Well hold on, your results only show the timings for "SELECT QUERY (1
object):" -- does this mean you're just selecting one row? If so, that
doesn't seem like a particularly useful performance benchmark. What
are the _real_ bottleneck queries for your application when you're not
using partitioning?

Also, 5830 ms seems like a lot for what amounts to an indexed (primary
key?) lookup of a single row -- how long does it take for you to
SELECT [some object ID] FROM original_unpartitioned_big_table;  (try
the query a few times, with both same and different object IDs to get
a feel for cache effects).

BTW, If you do decide to partition based on objects, you don't have to
make a partition for each object ID, if there are 5000 of those.
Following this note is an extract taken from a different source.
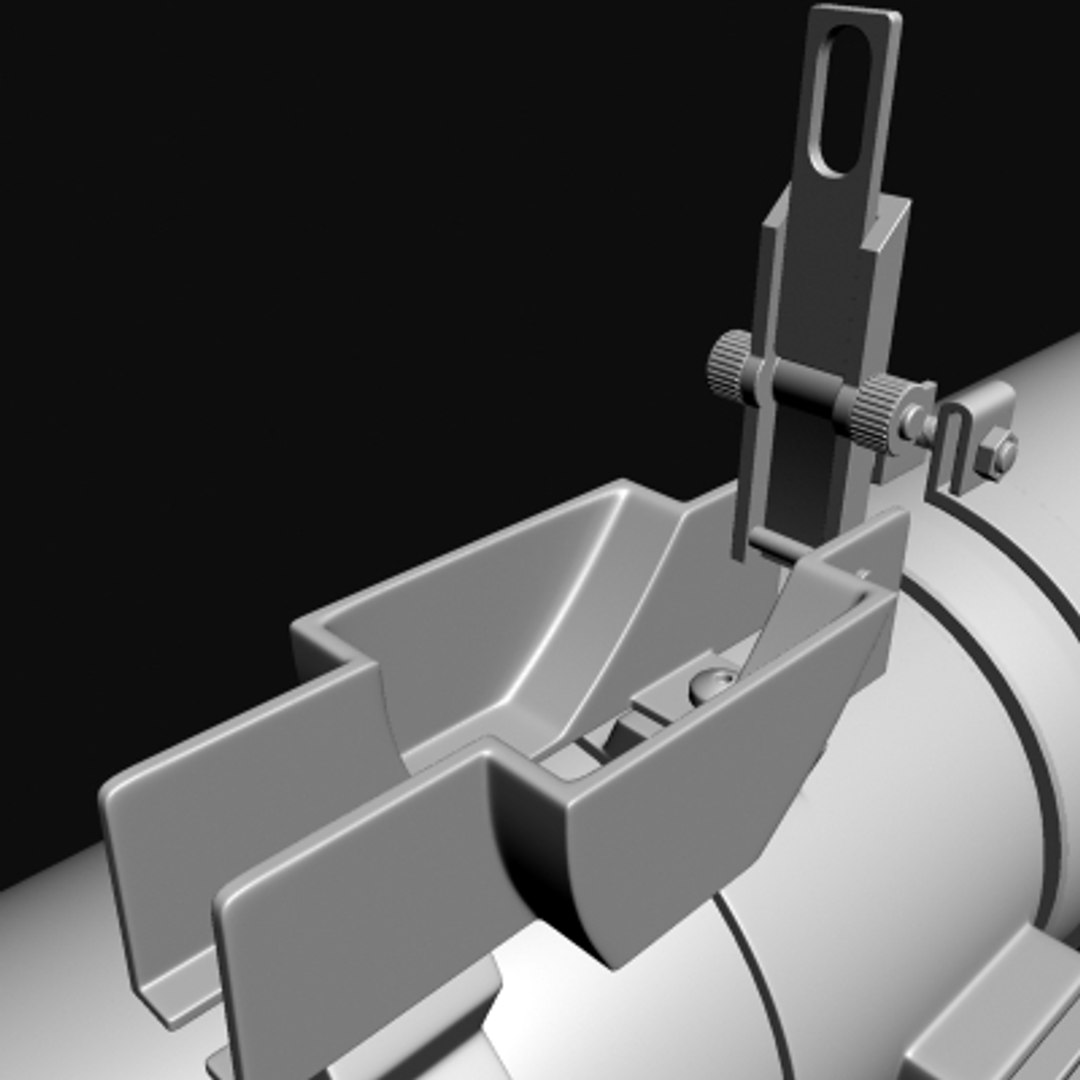 3d model rpg-7 launcher rocket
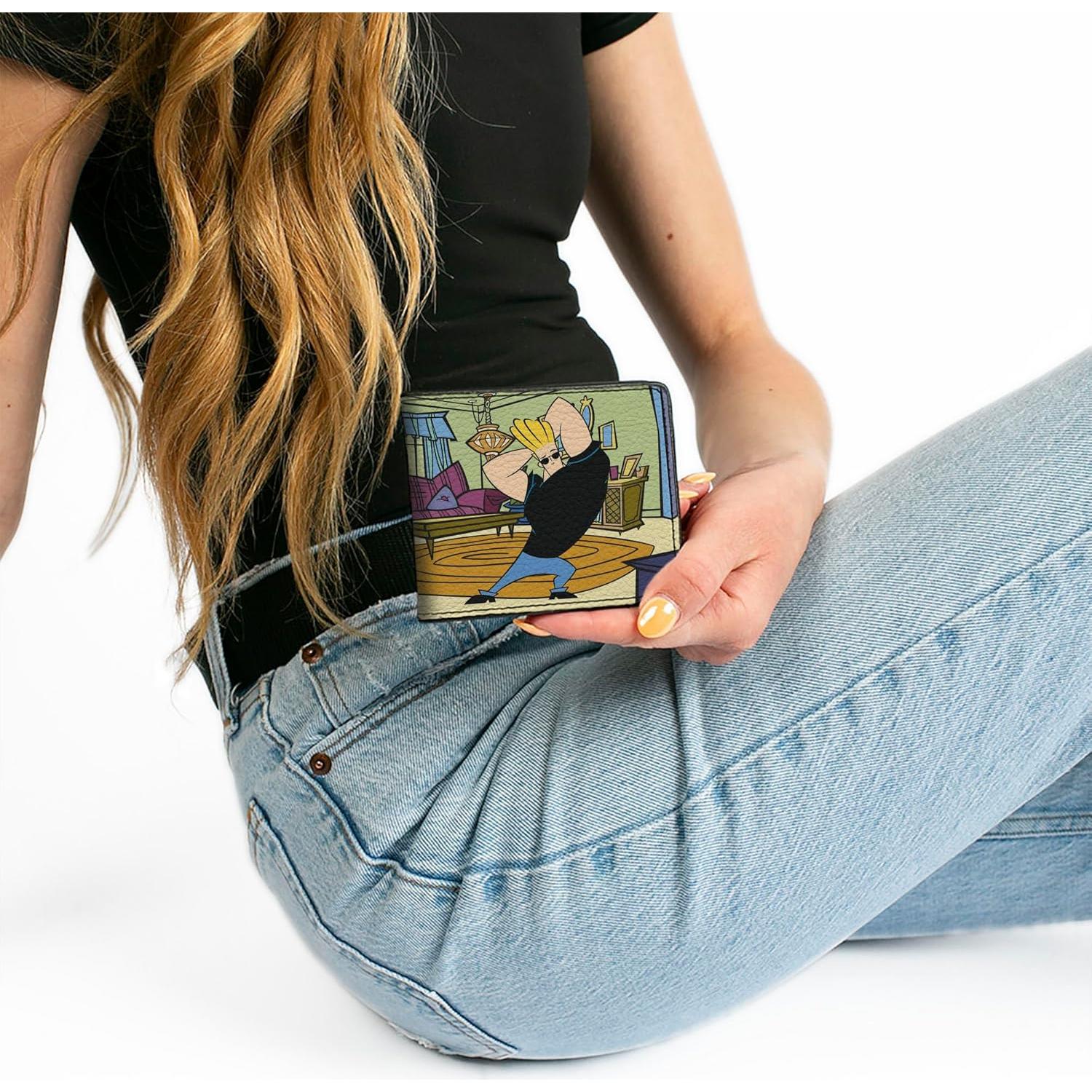 Cartera Bifold Johnny Bravo de Cuero Vegano - Buckle-Down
You
can partition based on ranged of object IDs.

> BUT we have a lot of object (about 5000, and
> planning to connect 2-5 times bigger object count next year). This plans
> leads to the firs question:
>
> 1) How postgres would "like" such a big count of partitions? Will it
> decrease performance in future?

5000 partitions is going to incur significant planner overhead for
each query; check the docs and archives (search term "large number of
partitions" or similar).

> By the moment we noticed several performance
> issues with the big count of object id in such conditional statement: SELECT
> * FROM coordinates_object.coordinates WHERE object_id in (HERE ARE SEVERAL
> OBJECTS);
[snip]
> "              Filter: (object_id = ANY ('{722,728,727,248}'::bigint[]))"
> "Total runtime: 695.963 ms"
>
> 2) As you see from EXPLAIN, postgres is using array for filtering Filter:
> (object_id = ANY ('{722,728,727,248}'::bigint[]))", why?

AFAIR, that's a normal transformation of a IN (...) query to = ANY
(...), and I bet you'll see the same thing without partitioning at
play.

For a variety of reasons (performance, ease of maintenance), I think
partitioning is most useful for improving query times for large
data-sets when you can separate out your "hot" and "cold" data. Or, if
you can't do that, then next-best is to try to partition into sets
that will be queried together often (e.g. if you often query a cluster
of nearby object IDs together, partition by object ID, or same thing
for your other types), so that your queries hit a small number of
partitions on average.

Josh